# Work request:
Go through the following data and transcribe exactly the stretch of lines from the one holding "13854 Emens Drive, Hudson, MI 49247" to the one holding "常识:还有多少喂药常识被忽略?!一粒泡腾片夺走18个月孩子的命", both included.

# Dataset content:
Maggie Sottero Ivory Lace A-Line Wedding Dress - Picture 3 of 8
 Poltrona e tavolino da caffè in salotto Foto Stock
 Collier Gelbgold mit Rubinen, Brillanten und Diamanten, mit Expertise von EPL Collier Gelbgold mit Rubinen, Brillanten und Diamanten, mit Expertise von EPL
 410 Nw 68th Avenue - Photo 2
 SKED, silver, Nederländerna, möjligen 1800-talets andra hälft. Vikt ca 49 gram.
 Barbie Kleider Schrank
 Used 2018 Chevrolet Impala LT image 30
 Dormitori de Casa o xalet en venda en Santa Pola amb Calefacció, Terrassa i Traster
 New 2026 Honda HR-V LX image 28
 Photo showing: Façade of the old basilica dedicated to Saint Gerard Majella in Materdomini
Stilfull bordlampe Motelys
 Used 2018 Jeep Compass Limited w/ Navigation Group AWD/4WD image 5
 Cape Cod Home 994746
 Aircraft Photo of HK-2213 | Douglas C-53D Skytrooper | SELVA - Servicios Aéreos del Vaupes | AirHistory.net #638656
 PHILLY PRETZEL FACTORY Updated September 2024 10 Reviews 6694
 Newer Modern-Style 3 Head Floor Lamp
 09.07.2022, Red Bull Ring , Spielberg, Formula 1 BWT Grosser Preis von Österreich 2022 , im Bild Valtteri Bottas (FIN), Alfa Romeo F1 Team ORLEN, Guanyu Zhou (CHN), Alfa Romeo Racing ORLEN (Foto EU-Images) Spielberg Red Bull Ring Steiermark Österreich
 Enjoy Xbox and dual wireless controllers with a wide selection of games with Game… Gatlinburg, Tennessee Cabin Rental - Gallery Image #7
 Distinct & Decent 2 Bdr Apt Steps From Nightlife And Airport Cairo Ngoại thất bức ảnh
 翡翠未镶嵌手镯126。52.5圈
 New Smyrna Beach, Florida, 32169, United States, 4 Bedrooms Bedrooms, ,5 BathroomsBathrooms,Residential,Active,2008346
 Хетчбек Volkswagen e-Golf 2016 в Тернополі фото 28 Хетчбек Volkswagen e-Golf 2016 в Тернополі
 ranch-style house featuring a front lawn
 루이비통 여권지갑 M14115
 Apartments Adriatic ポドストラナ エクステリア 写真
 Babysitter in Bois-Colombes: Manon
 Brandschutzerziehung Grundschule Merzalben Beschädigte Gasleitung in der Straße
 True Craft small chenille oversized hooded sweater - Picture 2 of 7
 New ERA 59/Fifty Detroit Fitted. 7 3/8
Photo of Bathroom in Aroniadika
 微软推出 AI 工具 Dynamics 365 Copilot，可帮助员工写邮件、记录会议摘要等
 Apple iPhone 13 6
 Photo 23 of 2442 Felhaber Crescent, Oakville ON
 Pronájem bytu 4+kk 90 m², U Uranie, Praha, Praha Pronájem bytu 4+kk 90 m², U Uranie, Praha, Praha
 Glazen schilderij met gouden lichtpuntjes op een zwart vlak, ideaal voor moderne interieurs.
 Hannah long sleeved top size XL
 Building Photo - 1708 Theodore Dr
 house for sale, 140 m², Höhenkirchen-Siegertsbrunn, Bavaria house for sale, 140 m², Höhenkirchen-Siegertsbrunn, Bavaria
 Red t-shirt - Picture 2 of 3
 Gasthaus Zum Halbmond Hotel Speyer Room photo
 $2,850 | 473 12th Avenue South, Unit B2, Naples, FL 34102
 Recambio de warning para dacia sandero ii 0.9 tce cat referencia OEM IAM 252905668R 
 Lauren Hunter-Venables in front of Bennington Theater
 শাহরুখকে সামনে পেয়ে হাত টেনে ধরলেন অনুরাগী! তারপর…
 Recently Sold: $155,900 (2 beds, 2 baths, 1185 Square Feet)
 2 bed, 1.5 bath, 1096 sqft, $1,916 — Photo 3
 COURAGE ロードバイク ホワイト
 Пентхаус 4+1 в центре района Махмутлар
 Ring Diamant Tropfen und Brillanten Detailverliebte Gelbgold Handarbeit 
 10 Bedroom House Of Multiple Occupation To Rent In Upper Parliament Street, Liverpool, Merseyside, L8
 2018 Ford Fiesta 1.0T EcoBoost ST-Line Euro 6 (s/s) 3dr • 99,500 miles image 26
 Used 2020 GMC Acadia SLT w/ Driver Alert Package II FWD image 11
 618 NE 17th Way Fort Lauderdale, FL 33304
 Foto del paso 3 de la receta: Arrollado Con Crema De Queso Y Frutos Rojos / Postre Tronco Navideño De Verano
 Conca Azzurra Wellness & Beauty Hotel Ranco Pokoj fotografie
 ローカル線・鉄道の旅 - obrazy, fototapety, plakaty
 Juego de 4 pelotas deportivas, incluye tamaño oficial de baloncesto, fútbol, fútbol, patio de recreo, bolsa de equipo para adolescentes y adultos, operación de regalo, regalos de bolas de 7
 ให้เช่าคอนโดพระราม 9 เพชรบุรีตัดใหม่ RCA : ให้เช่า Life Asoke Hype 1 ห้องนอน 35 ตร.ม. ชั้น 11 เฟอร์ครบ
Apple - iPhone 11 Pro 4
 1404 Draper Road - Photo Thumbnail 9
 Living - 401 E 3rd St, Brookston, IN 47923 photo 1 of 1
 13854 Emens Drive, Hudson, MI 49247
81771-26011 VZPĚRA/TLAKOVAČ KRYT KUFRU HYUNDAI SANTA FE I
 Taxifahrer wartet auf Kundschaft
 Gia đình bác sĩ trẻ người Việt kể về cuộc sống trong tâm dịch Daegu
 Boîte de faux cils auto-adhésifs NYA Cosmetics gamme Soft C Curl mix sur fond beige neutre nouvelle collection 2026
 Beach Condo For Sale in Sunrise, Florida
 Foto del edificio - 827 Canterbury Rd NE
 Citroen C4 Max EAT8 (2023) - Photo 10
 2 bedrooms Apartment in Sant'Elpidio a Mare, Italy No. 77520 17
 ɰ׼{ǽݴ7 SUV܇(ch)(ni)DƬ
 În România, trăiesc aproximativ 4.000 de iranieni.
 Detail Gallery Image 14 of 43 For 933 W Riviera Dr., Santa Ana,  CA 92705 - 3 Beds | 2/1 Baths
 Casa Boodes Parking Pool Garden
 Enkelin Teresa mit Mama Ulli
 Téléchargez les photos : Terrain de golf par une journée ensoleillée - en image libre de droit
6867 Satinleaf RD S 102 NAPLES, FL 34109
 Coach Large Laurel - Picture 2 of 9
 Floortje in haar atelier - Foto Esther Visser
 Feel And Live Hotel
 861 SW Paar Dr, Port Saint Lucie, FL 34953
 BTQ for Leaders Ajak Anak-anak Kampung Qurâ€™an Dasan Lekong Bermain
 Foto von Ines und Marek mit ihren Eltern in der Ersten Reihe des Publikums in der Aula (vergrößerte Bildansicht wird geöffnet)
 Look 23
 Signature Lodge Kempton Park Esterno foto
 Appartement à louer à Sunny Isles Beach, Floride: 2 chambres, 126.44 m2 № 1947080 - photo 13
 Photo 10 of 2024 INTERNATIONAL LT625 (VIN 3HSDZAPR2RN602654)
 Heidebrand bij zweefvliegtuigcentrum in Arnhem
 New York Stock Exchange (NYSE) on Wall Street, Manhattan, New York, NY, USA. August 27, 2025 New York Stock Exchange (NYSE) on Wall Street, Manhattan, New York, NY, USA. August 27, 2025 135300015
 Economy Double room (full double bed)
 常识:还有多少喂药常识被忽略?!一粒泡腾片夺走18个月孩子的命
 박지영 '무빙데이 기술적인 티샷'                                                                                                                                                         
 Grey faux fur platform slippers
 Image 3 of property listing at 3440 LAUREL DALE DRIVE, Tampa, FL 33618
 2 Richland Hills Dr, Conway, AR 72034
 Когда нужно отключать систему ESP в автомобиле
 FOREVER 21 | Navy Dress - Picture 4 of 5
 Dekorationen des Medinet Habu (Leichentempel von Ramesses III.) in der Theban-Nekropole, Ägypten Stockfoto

# Response:
 13854 Emens Drive, Hudson, MI 49247
81771-26011 VZPĚRA/TLAKOVAČ KRYT KUFRU HYUNDAI SANTA FE I
 Taxifahrer wartet auf Kundschaft
 Gia đình bác sĩ trẻ người Việt kể về cuộc sống trong tâm dịch Daegu
 Boîte de faux cils auto-adhésifs NYA Cosmetics gamme Soft C Curl mix sur fond beige neutre nouvelle collection 2026
 Beach Condo For Sale in Sunrise, Florida
 Foto del edificio - 827 Canterbury Rd NE
 Citroen C4 Max EAT8 (2023) - Photo 10
 2 bedrooms Apartment in Sant'Elpidio a Mare, Italy No. 77520 17
 ɰ׼{ǽݴ7 SUV܇(ch)(ni)DƬ
 În România, trăiesc aproximativ 4.000 de iranieni.
 Detail Gallery Image 14 of 43 For 933 W Riviera Dr., Santa Ana,  CA 92705 - 3 Beds | 2/1 Baths
 Casa Boodes Parking Pool Garden
 Enkelin Teresa mit Mama Ulli
 Téléchargez les photos : Terrain de golf par une journée ensoleillée - en image libre de droit
6867 Satinleaf RD S 102 NAPLES, FL 34109
 Coach Large Laurel - Picture 2 of 9
 Floortje in haar atelier - Foto Esther Visser
 Feel And Live Hotel
 861 SW Paar Dr, Port Saint Lucie, FL 34953
 BTQ for Leaders Ajak Anak-anak Kampung Qurâ€™an Dasan Lekong Bermain
 Foto von Ines und Marek mit ihren Eltern in der Ersten Reihe des Publikums in der Aula (vergrößerte Bildansicht wird geöffnet)
 Look 23
 Signature Lodge Kempton Park Esterno foto
 Appartement à louer à Sunny Isles Beach, Floride: 2 chambres, 126.44 m2 № 1947080 - photo 13
 Photo 10 of 2024 INTERNATIONAL LT625 (VIN 3HSDZAPR2RN602654)
 Heidebrand bij zweefvliegtuigcentrum in Arnhem
 New York Stock Exchange (NYSE) on Wall Street, Manhattan, New York, NY, USA. August 27, 2025 New York Stock Exchange (NYSE) on Wall Street, Manhattan, New York, NY, USA. August 27, 2025 135300015
 Economy Double room (full double bed)
 常识:还有多少喂药常识被忽略?!一粒泡腾片夺走18个月孩子的命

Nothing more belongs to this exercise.